When you plan with your tax savings, you get ample time to select an investment scheme that suits your appetite for risks and financial goals. Also, you can perform due diligence before investing in an instrument. Thus, you can not only avoid investing in a less profitable scheme but also get the flexibility to plan your payments through the year. For example, if you are investing in a ULIP, you can systematically invest in the plan through monthly or annual payment modes. Here are some insights on how to save income tax while maximising your investments to supplement your life goals, read on.
Goal: Saving Tax
For tax saving purposes, Unit Linked Insurance Plans (ULIPs) is an attractive option. Any contribution that you make in a ULIP is tax deductible under Section 80C of the Income Tax Act 1961, for a maximum of Rs. 1,50,000. ULIPs are an investment cum insurance plan, in which a portion of the premium is invested into a variety of market-linked equity and debt instruments, while the remaining amount is used to provide life cover for the entire policy period.
Also, the investment benefits of ULIPs are described below:
- The death benefit that your beneficiary receives is tax-free
- Upon maturity of the ULIP, you will receive the value of the investments or the sum assured, whichever is higher (this amount is tax-exempted under Section 10(10D))
- Any partial withdrawals that you make after the lock-in period completes, are entirely tax-free
Goal: Early Retirement
You must start planning for your retirement as soon as you start earning a stable income. That said, if you are looking for early retirement, the key is to build a significant corpus through capital appreciation of your investments. This is possible when you opt for an investment tool that suits your risk appetite and offers higher returns than those from traditional savings options.
If you are ageing between 20 and 30 years, you should start investing in an investment plan that allows you to allocate the more significant proportion of premium into equity funds. Though equity funds are more prone to the fluctuations of the money-markets, they tend to outperform every other asset class in terms of returns over the long-term.
If you wish to invest more conservatively, you can look to invest in debt funds or large-cap funds that invest in reputable companies with strong fundamentals.
Goal: Child’s Higher Education and Marriage
Education nowadays doesn’t come cheap, and with a barrage of unprecedented expenditures in the form of private schools, tuitions, extracurricular activities, professional degrees and hostel fees, you will put a severe dent on your savings.
Fortunately, you can prepare well in advance to fend off any such financial contingencies by purchasing a child plan. Depending on the investment horizon, you can choose the policy duration between 7 to 17 years to build a corpus. Reputable insurers like Future Generali offer you the option to avail guaranteed payouts depending upon your child’s education milestone.
Also, you can protect your child’s future even in case of an unfortunate event in your life such as death or permanent disability. Further, your investments into a child plan are also eligible for tax deductions as per prevailing tax laws.

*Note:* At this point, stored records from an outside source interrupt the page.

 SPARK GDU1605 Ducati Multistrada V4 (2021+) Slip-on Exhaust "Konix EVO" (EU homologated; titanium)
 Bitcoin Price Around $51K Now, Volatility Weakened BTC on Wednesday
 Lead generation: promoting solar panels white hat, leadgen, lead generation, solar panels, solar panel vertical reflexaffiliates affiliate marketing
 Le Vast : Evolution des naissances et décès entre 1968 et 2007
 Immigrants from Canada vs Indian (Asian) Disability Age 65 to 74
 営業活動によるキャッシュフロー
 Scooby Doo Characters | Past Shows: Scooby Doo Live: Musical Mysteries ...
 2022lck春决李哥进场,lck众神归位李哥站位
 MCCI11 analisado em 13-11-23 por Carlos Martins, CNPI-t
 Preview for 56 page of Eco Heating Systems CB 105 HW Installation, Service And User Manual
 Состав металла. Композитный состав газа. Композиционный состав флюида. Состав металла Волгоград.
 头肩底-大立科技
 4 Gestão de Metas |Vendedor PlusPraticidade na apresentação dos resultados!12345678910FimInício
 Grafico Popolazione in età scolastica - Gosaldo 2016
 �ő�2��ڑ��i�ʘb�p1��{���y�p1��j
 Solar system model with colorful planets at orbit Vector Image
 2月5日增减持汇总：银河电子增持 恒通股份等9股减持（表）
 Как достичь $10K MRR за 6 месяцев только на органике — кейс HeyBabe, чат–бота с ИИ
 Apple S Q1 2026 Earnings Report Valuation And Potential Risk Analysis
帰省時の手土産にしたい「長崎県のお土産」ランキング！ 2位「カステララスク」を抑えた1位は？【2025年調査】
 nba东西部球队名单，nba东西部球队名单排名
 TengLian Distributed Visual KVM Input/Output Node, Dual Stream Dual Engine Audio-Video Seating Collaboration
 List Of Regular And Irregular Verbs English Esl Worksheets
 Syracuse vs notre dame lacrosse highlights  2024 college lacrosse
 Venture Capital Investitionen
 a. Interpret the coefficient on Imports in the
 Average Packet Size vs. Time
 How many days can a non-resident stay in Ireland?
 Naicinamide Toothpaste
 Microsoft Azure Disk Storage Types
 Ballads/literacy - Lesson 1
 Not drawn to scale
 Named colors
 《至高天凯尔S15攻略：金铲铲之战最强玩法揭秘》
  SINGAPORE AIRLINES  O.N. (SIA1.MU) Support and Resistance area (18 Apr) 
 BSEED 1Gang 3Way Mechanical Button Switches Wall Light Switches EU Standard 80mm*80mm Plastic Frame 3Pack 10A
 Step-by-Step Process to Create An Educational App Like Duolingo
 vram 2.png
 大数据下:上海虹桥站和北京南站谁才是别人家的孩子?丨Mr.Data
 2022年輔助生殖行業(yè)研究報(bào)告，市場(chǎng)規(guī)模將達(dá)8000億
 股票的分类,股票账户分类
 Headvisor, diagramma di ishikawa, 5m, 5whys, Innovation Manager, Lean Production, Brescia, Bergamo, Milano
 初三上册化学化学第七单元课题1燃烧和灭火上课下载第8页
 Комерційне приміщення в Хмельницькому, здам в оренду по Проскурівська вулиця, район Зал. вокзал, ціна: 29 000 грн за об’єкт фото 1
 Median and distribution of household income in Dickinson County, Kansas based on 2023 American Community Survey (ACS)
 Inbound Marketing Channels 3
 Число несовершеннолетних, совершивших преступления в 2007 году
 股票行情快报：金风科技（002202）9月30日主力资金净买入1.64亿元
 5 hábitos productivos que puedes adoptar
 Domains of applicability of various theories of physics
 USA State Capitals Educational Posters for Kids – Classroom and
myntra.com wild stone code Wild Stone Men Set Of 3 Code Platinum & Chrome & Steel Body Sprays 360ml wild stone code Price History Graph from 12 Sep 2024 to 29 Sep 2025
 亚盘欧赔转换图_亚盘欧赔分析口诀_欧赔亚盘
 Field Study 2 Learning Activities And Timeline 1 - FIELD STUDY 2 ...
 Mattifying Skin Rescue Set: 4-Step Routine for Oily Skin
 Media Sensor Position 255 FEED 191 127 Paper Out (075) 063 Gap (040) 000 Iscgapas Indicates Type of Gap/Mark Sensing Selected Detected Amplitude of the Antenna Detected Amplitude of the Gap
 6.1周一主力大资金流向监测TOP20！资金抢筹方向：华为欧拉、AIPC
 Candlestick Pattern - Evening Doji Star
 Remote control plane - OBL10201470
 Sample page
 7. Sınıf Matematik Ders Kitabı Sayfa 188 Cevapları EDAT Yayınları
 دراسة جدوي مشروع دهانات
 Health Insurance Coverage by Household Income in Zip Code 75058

Each one of us has aspirations in life. These goals not only take us ahead in life but also inspire us to work towards shaping our future. Despite our differences; however, our goals are often not that different. For example, many of us want to own a home, buy a car, ensure that our children receive the best possible education and build a large corpus for retirement, and so on. The only way that we can fulfil these goals is by diligently planning our finances and investing in instruments that avail capital appreciation over the long-term. That said, we also need to maximise our tax savings through investments into tools such as life insurance, ULIPs and critical health insurance.